Один из авторов - председатель сельского исполкома Николай Зыков - записывает как он пару часов назад убил несколько человек. Он жил в состоянии постоянной угрозы со стороны местных кулаков, у него очень сильно расшатались нервы и в один из вечеров конфликт с кулаками закончился пальбой, в результате которой он пристрелил несколько человек. Придя домой, он в дневнике сам перед собой пытался выстроить эту ситуацию таким образом, чтобы было понятно, что его вынудили к этому, пытался оправдаться.
— Чей дневник вам интересно было бы прочитать, но это по каким-то причинам невозможно?
— У меня нет дневника мечты. Мне очень хочется, чтобы наша система наконец перекрыла все дни существования Советского Союза, чтобы на каждый день у нас была минимум одна запись. По понятным причинам дневники двадцатых годов и дневники военного времени публиковались очень густо, а есть десятилетия, для которых не хватает материала. Например, в тридцатые годы дневники вели, но вели очень аккуратно и довольно часто их уничтожали. У нас мало послесоветского материала, потому что люди пока не открывают эти источники для исследователей.

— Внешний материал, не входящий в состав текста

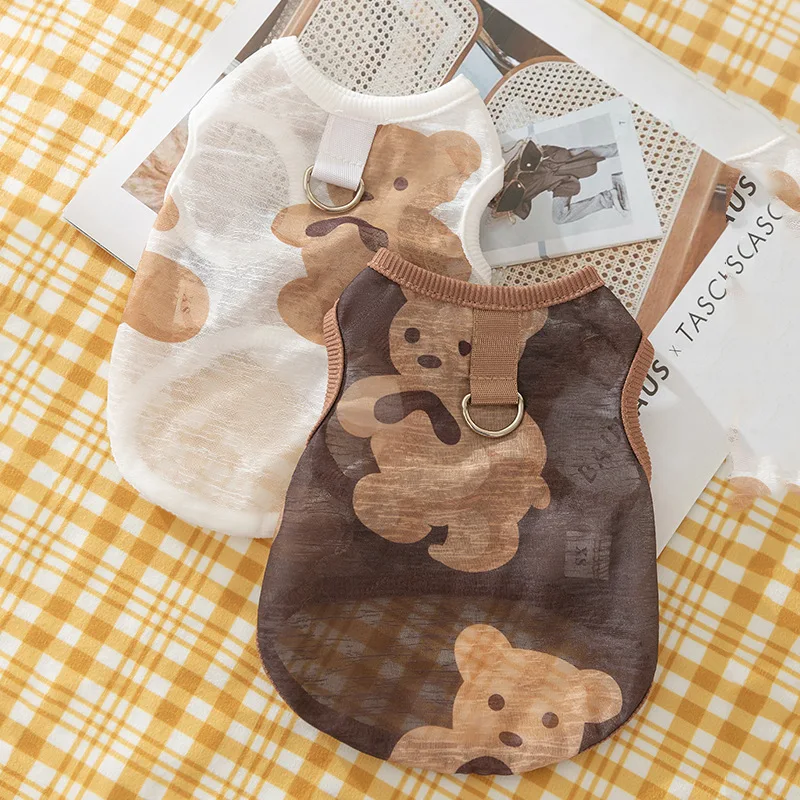 Chaleco de tracción de oso de malla sin mangas para perro y gato, chaleco de refrigeración fino y transpirable, ropa de verano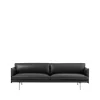 Canapé Outline 3 places cuir, Refine noir- pieds en aluminium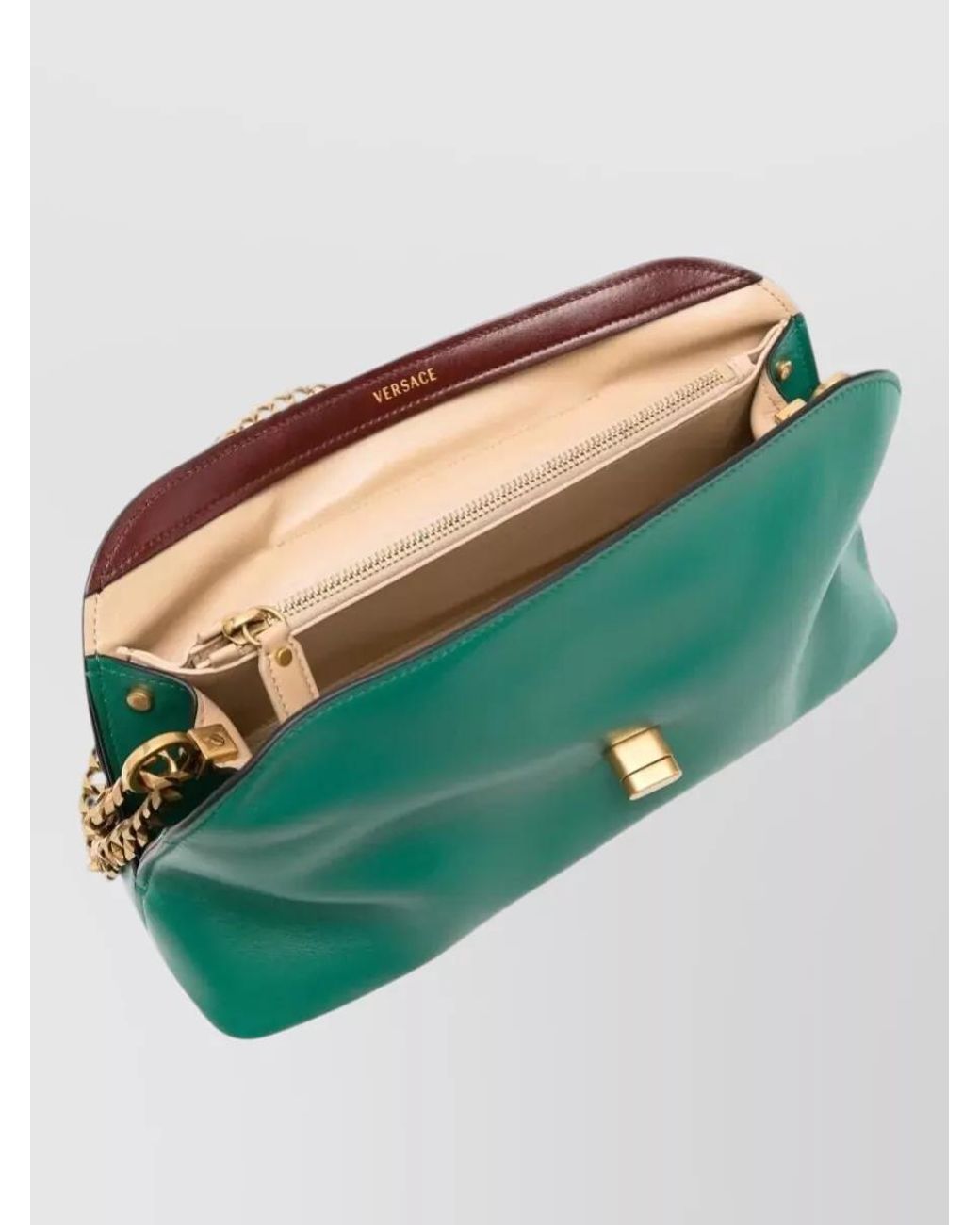 Versace Green Na Lamb Leather Clutch Bag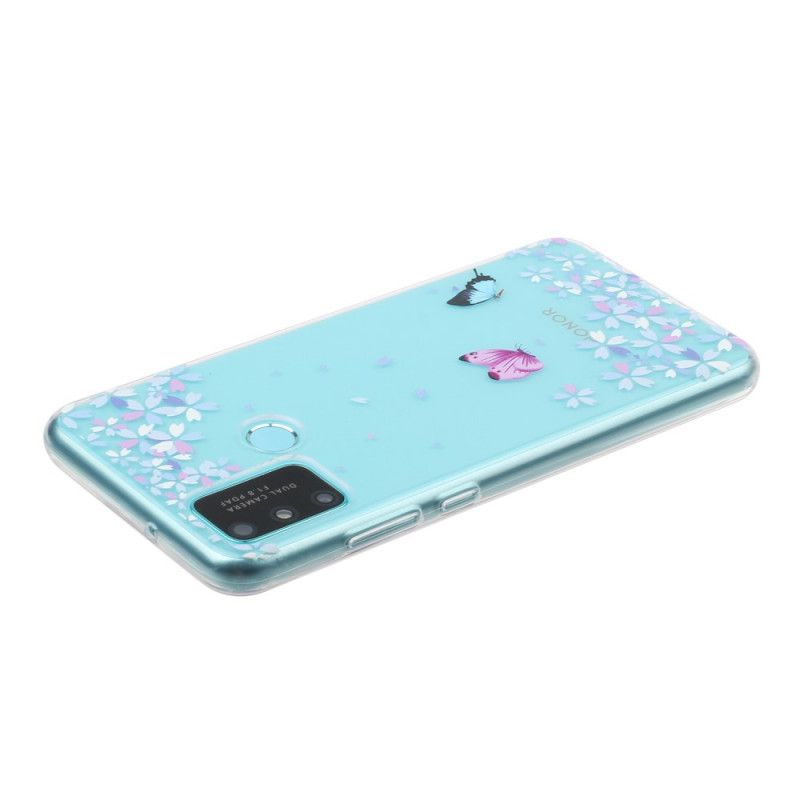 Coque Huawei P Smart 2020 Transparente Papillons Et Fleurs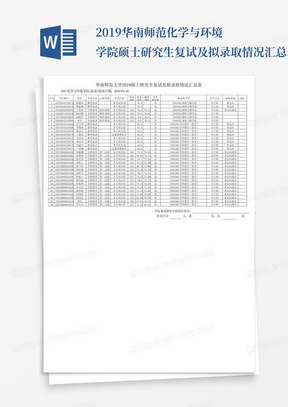 2019华南师范化学与环境学院硕士研究生复试及拟录取情况汇总表_文...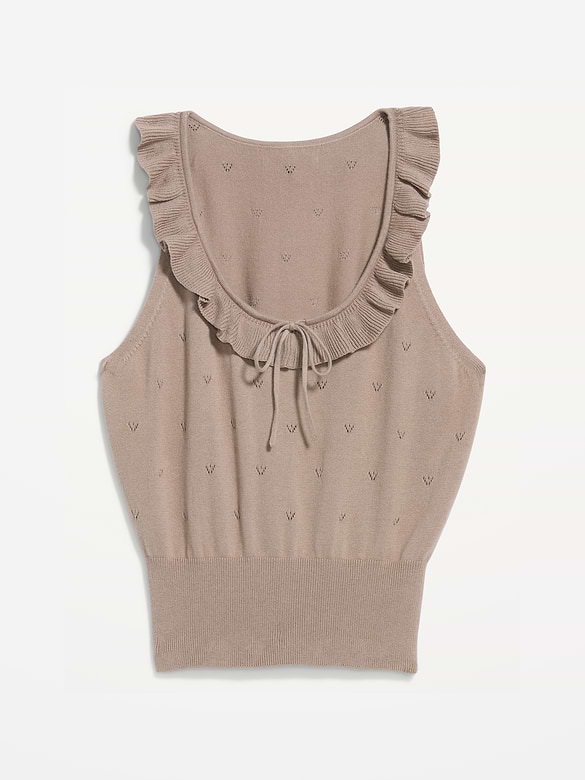 SoSoft Cotton Tie-Front Pointelle Tank Top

Сейчас в базе «Прожито» около 45 тысяч дневниковых записей. Хочется увеличить это число в два-три раза, после чего можно будет говорить, что перед нами уже серьезный инструмент.
— Вы сами ведете дневник?
— Да, я вел дневник с десяток лет, но когда я стал заниматься Прожито, я его забросил, потому что это не очень честно. Если я посвящаю свою жизнь тому, чтобы публиковать дневники других людей, это означает, что и мой дневник в какой-то момент будет опубликован, а с прицелом на публикацию я его вести не хочу.